Учительницу, которой мы подарили цветы, звали Ниной Леонтьевной. Нас с Петькой посадили за одну парту. Со стены над доской за нами наблюдал Ленин.

Весь сентябрь Нина Леонтьевна позволяла Петьке сидеть на уроках в кепке. Вернувшись домой первого сентября, дяди Сашиной бритвой Петька очистил середину своей головы от волос, так ему хотелось походить на директора, но выбрить ровное яйцо у него не получилось.

В октябре тетя Галя записала нас в хоровой кружок. Я пела первым голосом, Петька — вторым. Песни были морскими — про бригантины, крейсер Аврору и паруса. У Петьки открылся густой бас.

Иногда доходили до конца железнодорожного моста посмотреть на море. За лето барашки успели превратиться в больших баранов. Издалека я смотрела на посеревшее море, разозлившееся непонятно отчего, и думала, что больше никогда не буду в нем купаться. Казалось, из него выкачали ласковую голубую воду и заполнили опустевший котлован злой клокочущей. В своих самых страшных фантазиях я представляла, как спускаюсь в эту опустевшую дыру, выложенную светло-коричневым илом. Солнце не светит. На дне котлована я вижу ракушки, выпускающие голоса без эха. Ракушки, ракушки, ракушки и ничего стоящего. Я прерывала свою фантазию на том месте, когда в котлован должна была хлынуть бездна воды.

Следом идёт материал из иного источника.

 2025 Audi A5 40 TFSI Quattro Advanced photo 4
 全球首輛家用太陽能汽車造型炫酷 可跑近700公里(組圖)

— Это невозможно, — говорил Петька, но теперь я не особо ему верила — Нина Леонтьевна рисовала в его тетрадях пузатые тройки.

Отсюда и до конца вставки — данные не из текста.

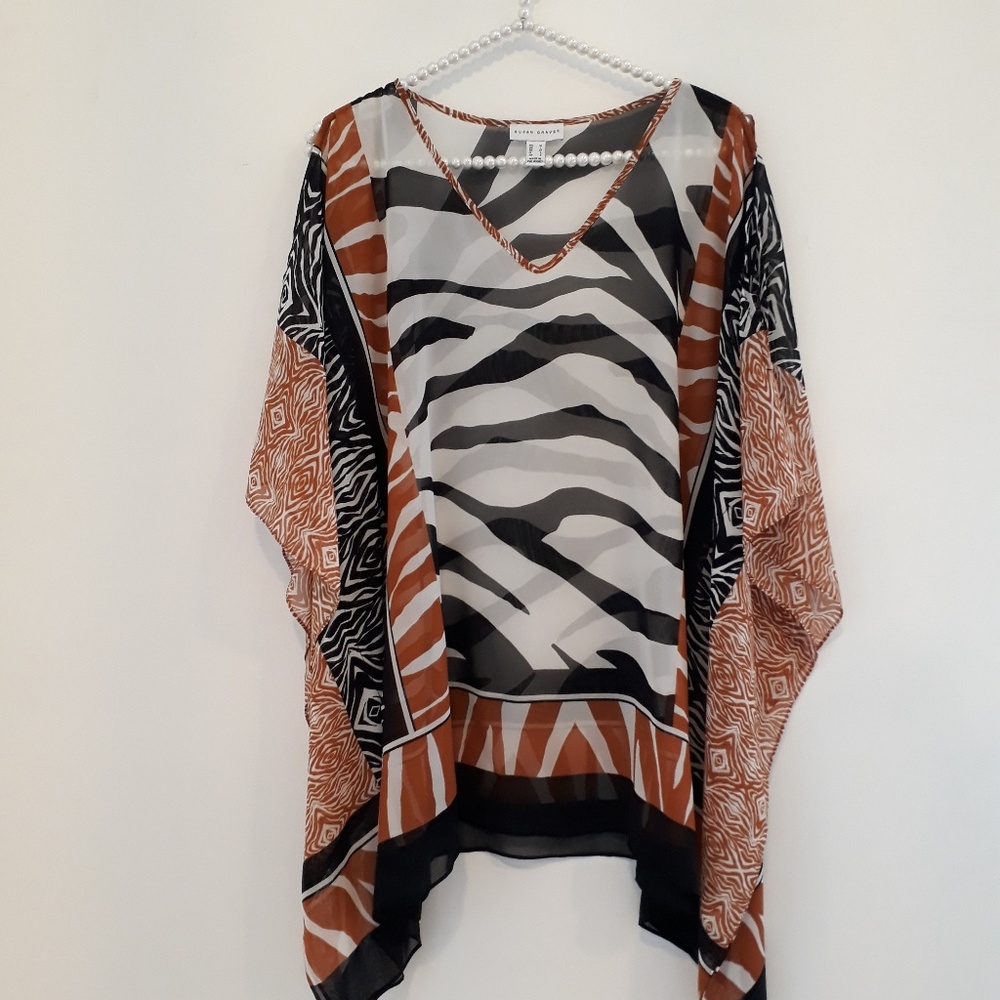 Susan Graver Animal Print sheer Top Medium/A0
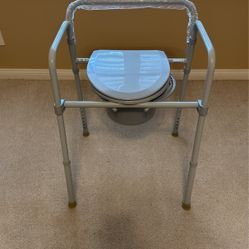 Commode Chair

Стройка до сих пор гудела. Дома доросли до пяти этажей, теперь на них клали крышу. Петька тоже вырос, рукава клетчатого пальто поднялись над его запястьями. Парк снова умирал. Потемневшие рожки акаций шумели на ветру. Летом в городе было весело, осенью — одиноко. И все как будто знали, что ничего не будет. Все желания сырели во влажном воздухе, а ветер уносил их в черную канаву.